Les fortes disparités, cependant, interrogent : 26 % pour l’Ornanu, 33 % seulement pour Aiacciu, mais 58 % pour Calvi-Balagna. Preuve que les bonnes performances sont corrélées à des choix politiques, l’intercommunalité de Calvi-Balagna a mis en place le ramassage au porte-à-porte, le seul qui nous permettra d’atteindre des taux dont nous n’aurons pas à rougir.
Rappelons par ailleurs que la France a prévu d’atteindre un taux de tri de 65 % en 2025 (Loi AGEC). En Corse, nous en sommes bien loin !
Pour en sortir, nous devons généraliser sur tout le territoire
- La collecte des biodéchets qui représentent un quart de nos poubelles.
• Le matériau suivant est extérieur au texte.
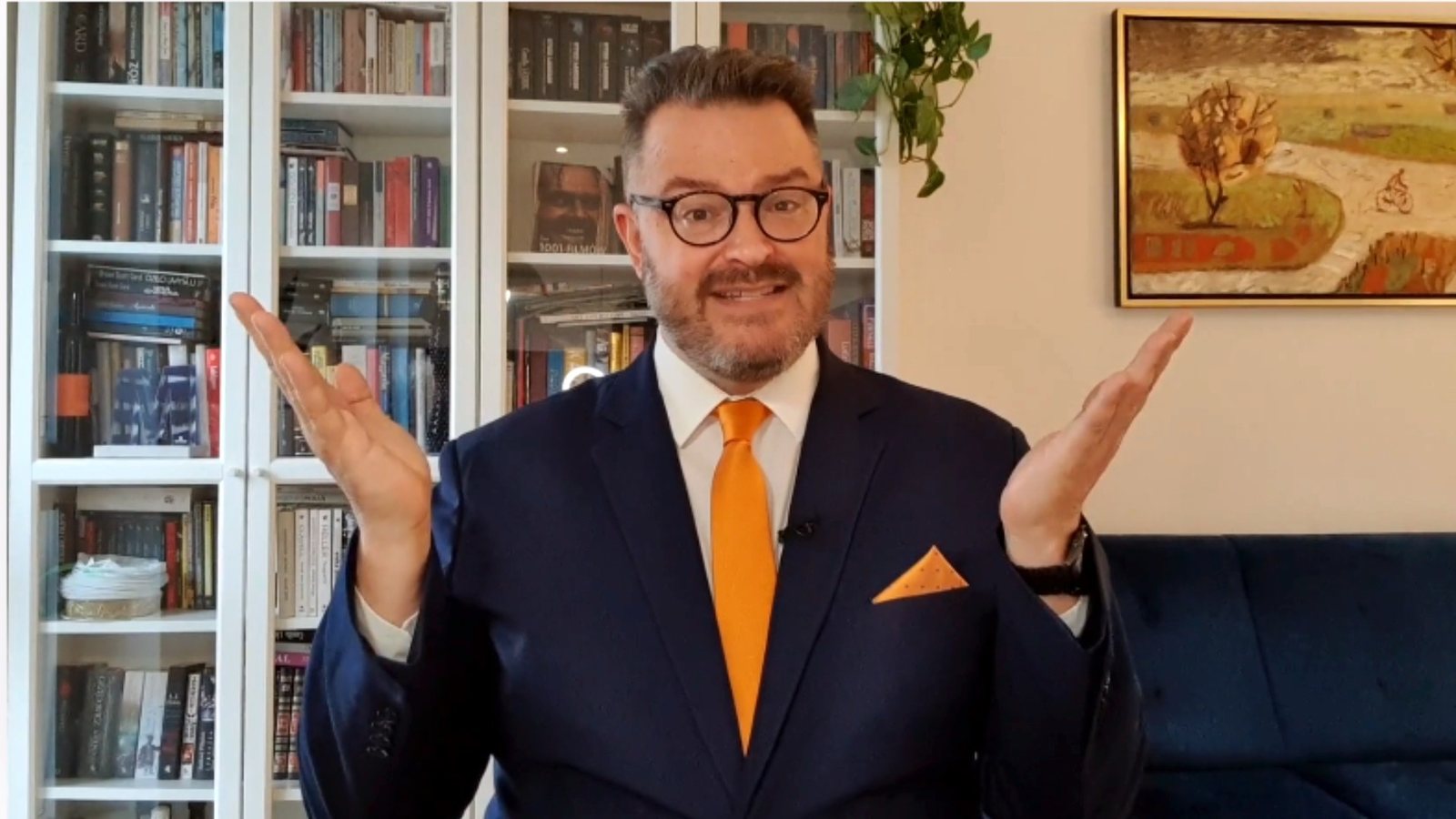 Derek Zardus teaching in front of his bookshelves, in a navy suit and orange tie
Aujourd’hui les composteurs individuels distribués par le Syvadec, peu performants, sont souvent abandonnés. Organiser la collecte en ville pour un compostage en plateforme ou sur des installations industrielles simples, avec les déchets verts.
- Le ramassage au porte-à-porte des différentes poubelles partout où c’est possible.
- La simplification du geste de tri par regroupement en un seul flux des papiers/emballages/cartons
- Le traitement des déchets ultimes à proximité (moins de 20 % de nos ordures ménagères) pour diminuer drastiquement les transports et l’enfouissement du vrac.
- Le recyclage et la réutilisation sur place: broyer le verre pour le BTP, faire des billes de plastique…
Et produire moins de déchets : remise en marche des fontaines, diminution des emballages, consigne des bouteilles.
Or aujourd’hui, de trop nombreuses communes proposent encore aux habitants d’apporter leurs ordures ménagères dans des conteneurs souvent éloignés, peu pratiques et qui souvent débordent. Résultat : pour beaucoup, le découragement ou le refus du geste de tri. Nous déplorons également l’absence de proposition pour le traitement des biodéchets, le peu d’intérêt porté aux cartons qui représentent pourtant près de 15% de ce que nous jetons avec l’explosion des commandes sur internet. Quant aux coûts de collecte et de traitement largement supérieurs aux moyennes françaises et italiennes, ils sont tout simplement inacceptables !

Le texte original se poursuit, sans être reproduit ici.